## WHAT TO DO:
Exactly the lines below, starting with the one containing "Evil Dead 2: Ash" and going on through the one containing "Harley-Davidson 1250 V-Rod", must be reproduced, both ends included, and no pictures with them.

## GIVEN RECORDS:
┌──

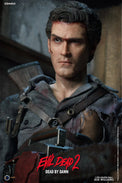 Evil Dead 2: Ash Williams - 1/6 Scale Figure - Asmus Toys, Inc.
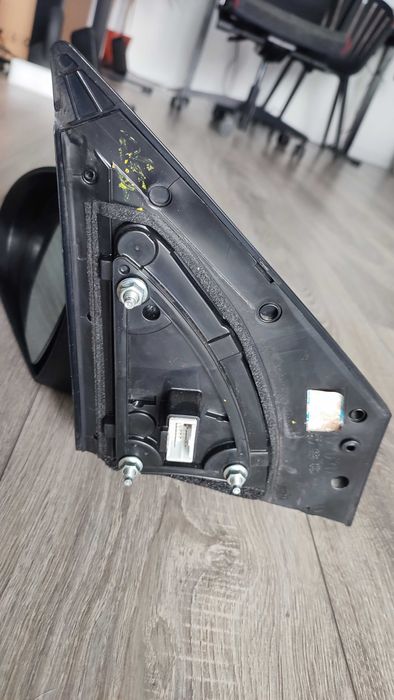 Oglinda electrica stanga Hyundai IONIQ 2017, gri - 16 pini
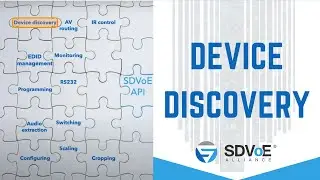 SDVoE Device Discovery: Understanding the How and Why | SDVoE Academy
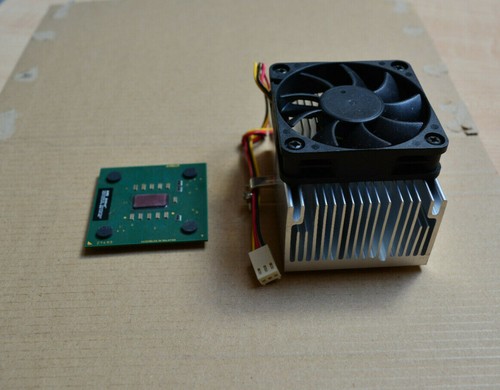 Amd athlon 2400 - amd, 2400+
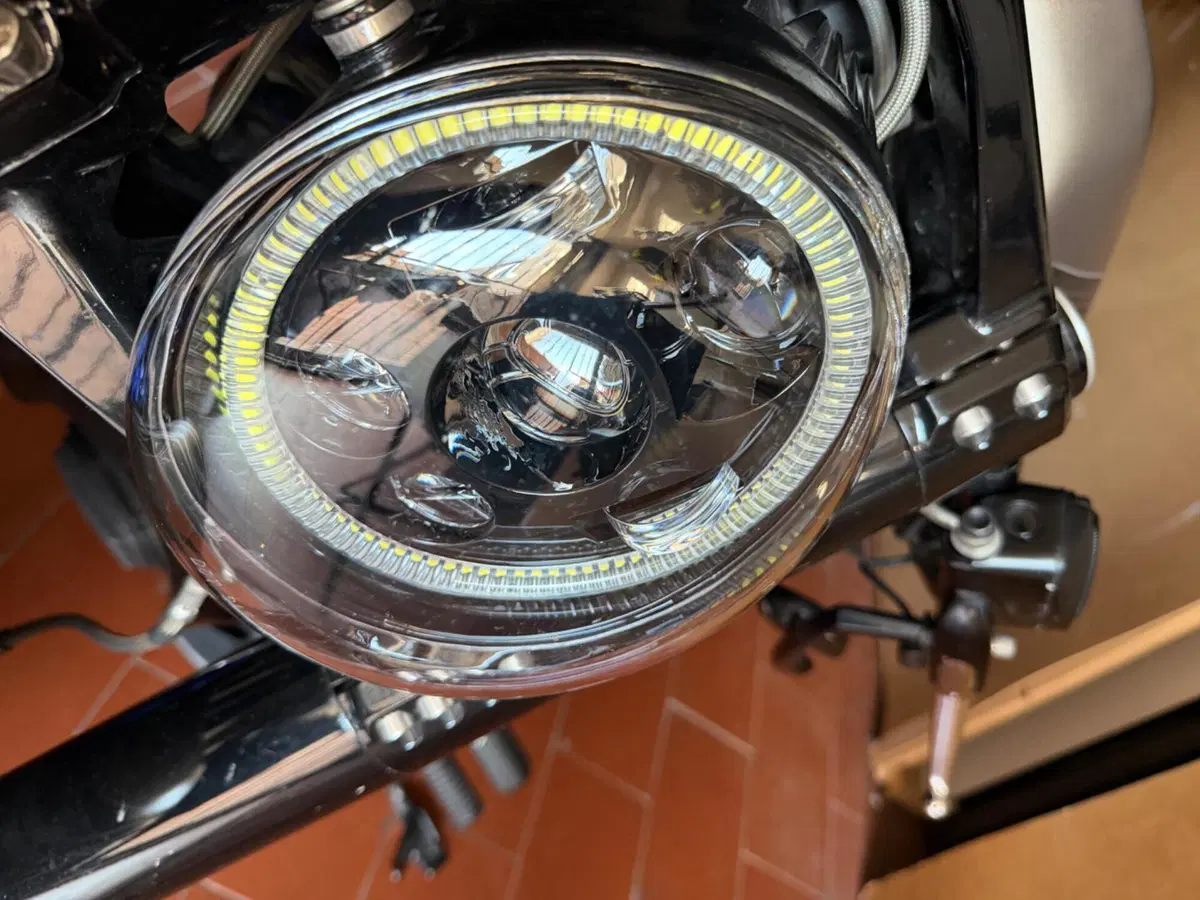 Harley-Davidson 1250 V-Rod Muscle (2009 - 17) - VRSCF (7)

└──
┌──

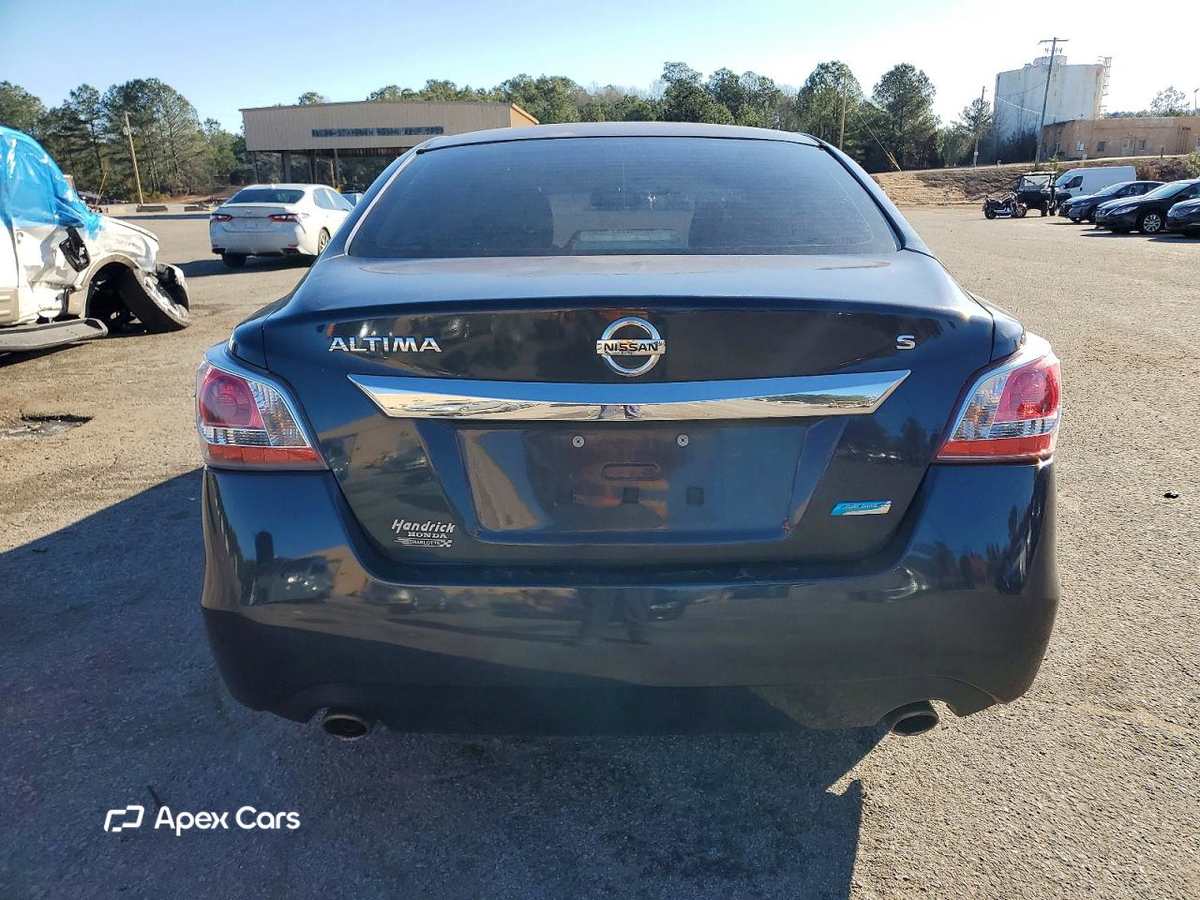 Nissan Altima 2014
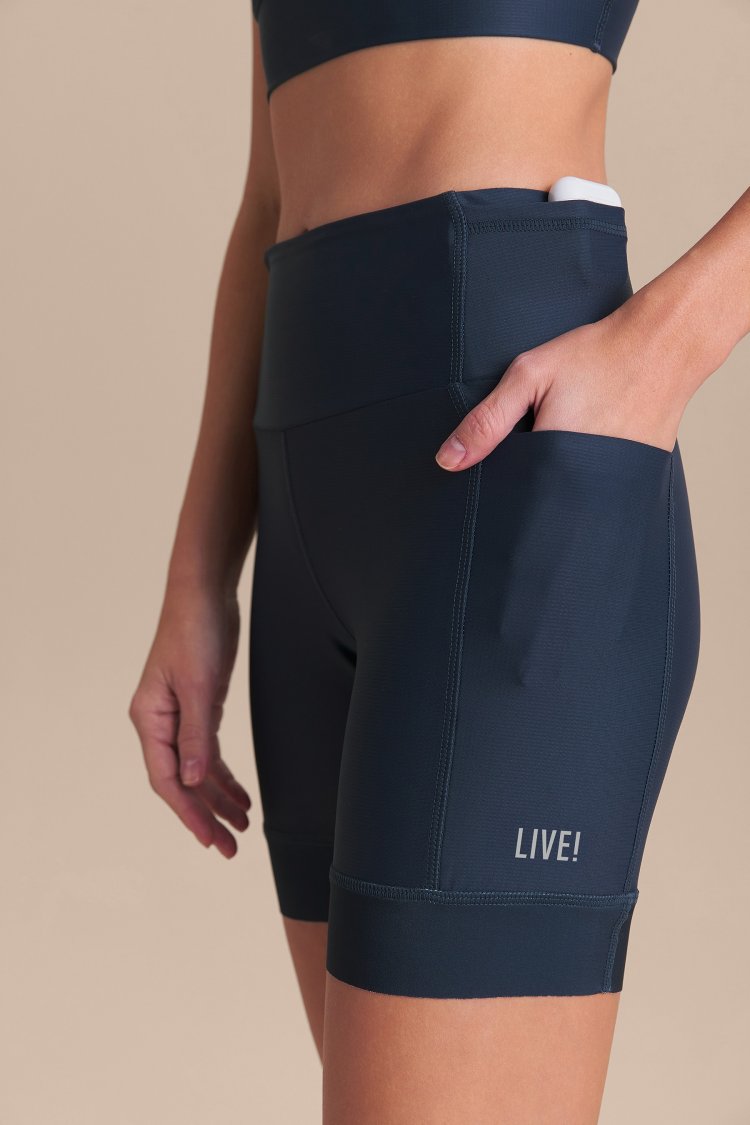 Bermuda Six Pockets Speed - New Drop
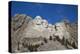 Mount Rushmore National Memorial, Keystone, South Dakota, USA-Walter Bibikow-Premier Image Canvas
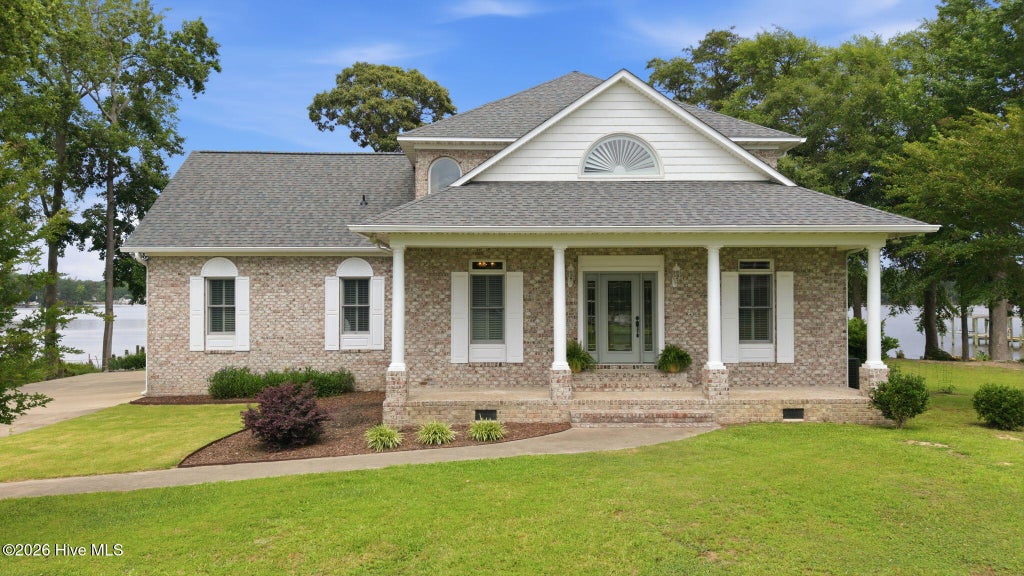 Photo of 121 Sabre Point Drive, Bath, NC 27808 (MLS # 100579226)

└──

## EXERCISE RESPONSE:
 Evil Dead 2: Ash Williams - 1/6 Scale Figure - Asmus Toys, Inc.
 Oglinda electrica stanga Hyundai IONIQ 2017, gri - 16 pini
 SDVoE Device Discovery: Understanding the How and Why | SDVoE Academy
 Amd athlon 2400 - amd, 2400+
 Harley-Davidson 1250 V-Rod Muscle (2009 - 17) - VRSCF (7)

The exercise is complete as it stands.